00 06/08/2012 17:19

[SM=g27998] La purificazione di Maria

§ 249. La dimora dei tre nella grotta dovette esser breve, forse di pochi giorni soltanto. Man mano che il censimento progrediva, la gente ripartiva e le case si sfollavano: una di esse fu occupata da Giuseppe che vi si trasferì con gli altri due, e fu la casa ove si pre­sentarono alcune settimane dopo i Magi (Matteo, 2, 11). Forse già in questa casa avvenne la circoncisione del neonato, praticata secon­do la prescrizione otto giorni dopo la nascita (§ 69), e in tale occasio­ne gli fu imposto il nome di Gesù notificato dall'angelo sia a Maria sia a Giuseppe (§§ 230, 239). L'angelo infatti aveva detto che il na­scituro sarebbe stato chiamato figlio dell'Altissimo; ma di fatto era comparso nel mondo come discendente d'Israele per il casato di Da­vid, né dall'angelo era stata comunicata alcuna istruzione che esi­messe questo nuovo Israelita dagli obblighi comuni a tutti gli Israe­liti: perciò Giuseppe e Maria compirono tali obblighi a suo riguardo. E li compirono anche riguardo a se stessi. La Legge ebraica prescri­veva che la donna dopo il parto fosse considerata impura, e rimanesse segregata 40 giorni se aveva fatto maschio, e 80 se femmina dopo di che doveva presentarsi al Tempio per purificarsi legalmen­te, e farvi un'offerta che per i poveri era limitata a due tortore o due piccioni. Se poi il bambino era primogenito, esso di legge ap­parteneva al Dio Jahvè, come tutti i primogeniti degli animali do­mestici e le primizie dei campi; perciò i suoi genitori dovevano ri­scattarlo pagando al Tempio, in cambio del primogenito, cinque si­cli. Non era obbligo portare materialmente il neonato primogenito al Tempio per presentarlo a Dio, ma di solito le giovani madri lo portavano per invocare su lui le benedizioni celesti. Ambedue queste usanze furono seguite riguardo a Gesù: dopo 40 giorni Maria si recò al Tempio per la propria purificazione, offren­do ciò ch'era prescritto per i poveri, e portò con sé Gesù per pre­sentarlo a Dio, pagando i cinque sicli.
Se i due piccioni o tortore per la purificazione valevano ben poco, i cinque Sicli per il riscatto del primogenito furono assai gravi per la povertà dei due coniugi; infatti cinque sicli d'argento, che equivalevano a un po' più di 20 lire nostre in oro, era quanto un artigiano come Giuseppe avrebbe guada­gnato a mala pena con una ventina di giornate di lavoro, mentre poi in quei giorni a Bethlehem egli avrà potuto poco o nulla lavorare: tuttavia alla spesa straordinaria ma prevista si sarà fatto fronte con qualche risparmiuccio che i due si saranno portati appresso da Nazareth come scorta.

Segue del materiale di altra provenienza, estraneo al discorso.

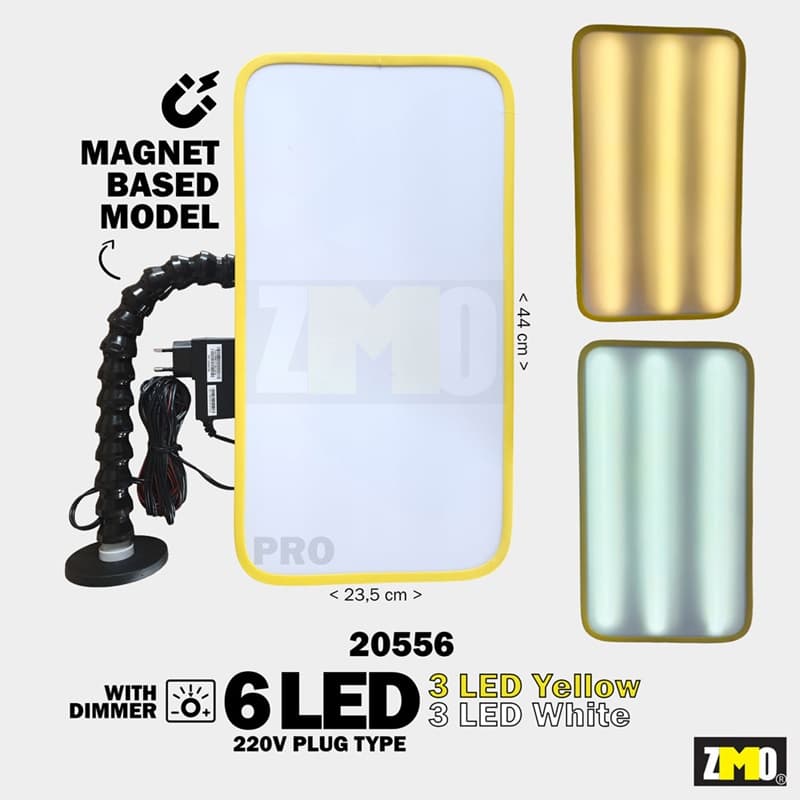 PDR Pro Lamba Mıknatıslı 6 LED 220V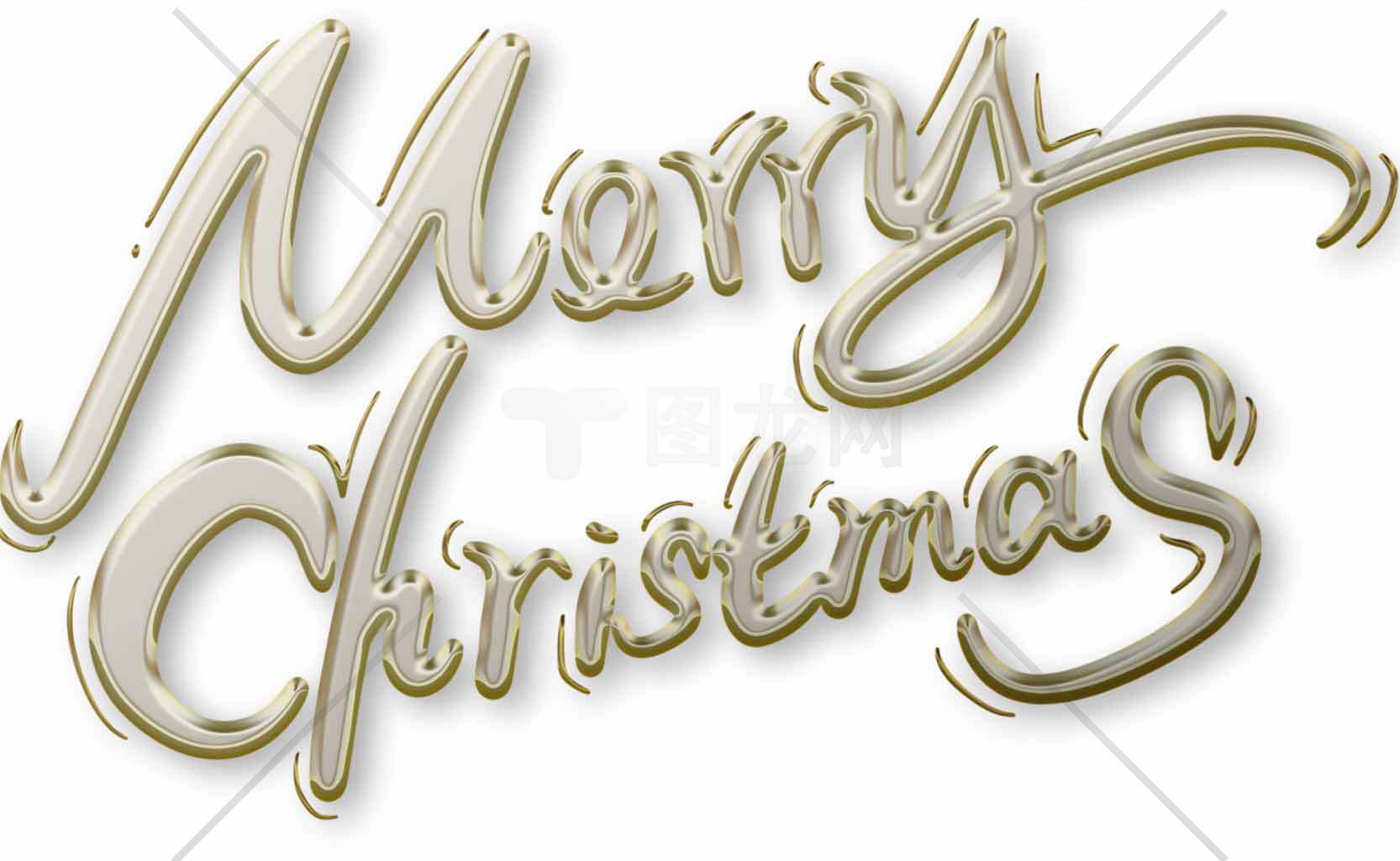 优雅金色圣诞节祝福文字图片素材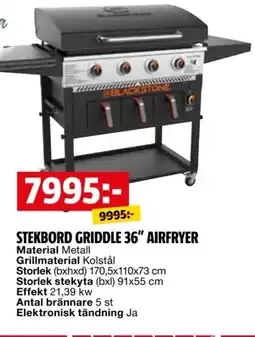Bauhaus Stekbord griddle 36" airfryer erbjuda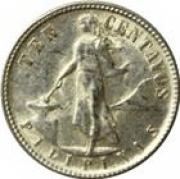 10 Centavos The Philippines Under U.s. Sovereignty (1898–1935)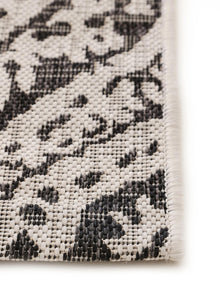 In- & Outdoor Rug Cleo White/Black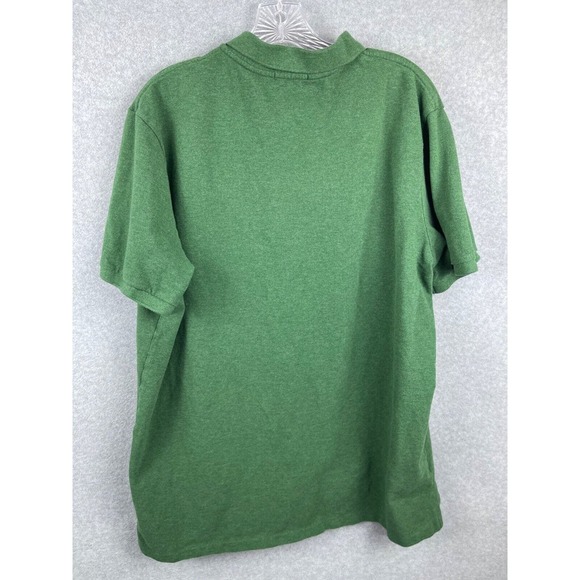 Ralph Lauren Polo Shirt Men's XL Green Short Sleeve Classic Fit Preppy Business - Picture 5 of 8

Quel gruppetto di tre persone che entravano nel Tempio di Gerusalemme non era fatto per attirare su di sé gli sguardi della gente, che stava là a oziare o a sentire le dissertazioni dei maestri farisei o a commerciare nell'”atrio dei gentili” (§ 48): erano tante le madri le quali ogni giorno venivano là a purificarsi dopo il parto e a presentare i loro primogeniti, che quel gruppetto di tre persone non meritava davvero uno sguardo particolare. Ma proprio quel giorno c'era qualcuno, là nell'atrio, che aveva uno sguardo differente dagli altri e poteva scorgere ciò che gli altri non scorgevano; era un uomo di Gerusalemme, di nome Simeone, e quest'uomo (era) giusto e ti­morato, aspettava la consolazione d'Israele e Spirito santo era su lui; e gli era stato rivelato dallo Spirito santo che non avrebbe visto morte prima che avesse visto il Cristo del Signore (Luca, 2, 25-26).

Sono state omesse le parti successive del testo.